Introduction to Descriptive Statistics
Introduction to Descriptive Statistics
Descriptive
Descriptive statistics is a science that analyzes series of data.
(for example, age of a population, height of the students of a
school, temperature in the summer months, etc) and try to extract
conclusions about the behavior of these variables.
Variables can be of two types:
Qualitative variables or attributes: cannot be measured
numerically (for example: nationality, skin color, sex).
Quantitative variables: they have numerical value (age, price of a)
product, annual income.
The variables can also be classified into:
Unidimensional variables: they only collect information about one
characteristic (for example: age of the students in a class).
Variables bidimensional: they collect information about two
characteristics of the population (for example: age and height of the
students of a class.
Multidimensional variables: collect information about three or more
characteristics (for example: age, height, and weight of the students of a)
clase).
On their part, quantitative variables can be classified into
discrete and continuous:
Discrete: they can only take integer values (1, 2, 8, -4, etc.).
example: number of siblings (can be 1, 2, 3...., etc., but, for
example, it can never be 3.45).
Continuous: they can take any real value within an interval.
For example, the speed of a vehicle can be 80.3 km/h, 94.57
km/h...etc.
When studying the behavior of a variable, it is necessary to distinguish
the following concepts:
Individual: any element that carries information about it
phenomenon that is studied. Thus, if we study the height of children of
a class, each student is an individual; if we study the price of the
housing, each housing is an individual.
Population: a set of all individuals (people, objects,
animals, etc.) that carry information about the phenomenon that
study. For example, if we study the price of housing in a
city, the population will be the total number of housing units in that city.
Absolute Frequencies
x x x x x
X1 n1 n1 f1 = n1 / n f1
X2 n2 n1 + n2 f2 = n2 / n f1 + f2
n1 + n2 + .. + fn-1 = nn-1 /
Xn-1 nn-1 f1 + f2 + .. + fn-1
nn-1 n
Xn nn Sn fn = nn / n Sf
x x x x x x
x x x x x
If the values that the variable takes are very diverse and each one of them
it occurs very few times, so it is advisable to group them by intervals,
otherwise we would obtain a very frequency table
extensive that would contribute very little value for synthesis purposes (as it is
you will see in the next lesson.
Frequency distributions
grouped
Let's suppose we measure the height of the inhabitants of a household.
and we obtain the following results (cm):
Depending on the type of data being analyzed, it will be more appropriate to use the
arithmetic mean or geometric mean.
The geometric mean is commonly used in data series such as types of
annual interest, inflation, etc., where the value of each year has a
multiplicative effect compared to previous years. In any case, the
The arithmetic mean is the most commonly used measure of central tendency.

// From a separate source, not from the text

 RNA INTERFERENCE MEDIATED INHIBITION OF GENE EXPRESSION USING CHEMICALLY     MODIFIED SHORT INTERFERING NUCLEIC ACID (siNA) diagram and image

The most positive aspect of the average is that all are used in its calculation.
values of the series, so no information is lost.
However, it presents the problem that its value (both in the case of
the arithmetic mean (as geometric) can be greatly influenced by
extreme values, which deviate excessively from the rest of the series. These
anomalous values could greatly influence the value of the
media, losing this representativeness.
2.- Median: it is the value of the data series that is located exactly
in the center of the sample (50% of values are lower and another 50%
they are superior.
They do not present the problem of being influenced by extreme values.
but instead does not use all the information from the series in its calculation
data (does not weight each value by the number of times it has been
repeated).
3.- Mode: it is the value that occurs most frequently in the sample.
Example: we are going to use the frequency distribution table with the
data on the height of the students that we saw in lesson 2.
1.-Arithmetic mean:
Xm 1,253
Then:
Xm 1,253
In this example, the arithmetic mean and the geometric mean coincide,
but it doesn't always have to be this way.
3.- Median:
The median of this sample is 1.26 cm, as 50% is below it.
of the values and above the other 50%. This can be seen when analyzing the
column of accumulated relative frequencies.
In this example, since the value 1.26 is repeated 3 times, the mean
it would be located exactly between the first and second value of this
group, since the division between these two values is found within the
50% lower and 50% upper.
4.- Fashion:
There are 3 values that repeat 4 times: 1.21, 1.22, and 1.28.
Therefore, this account would have 3 modes.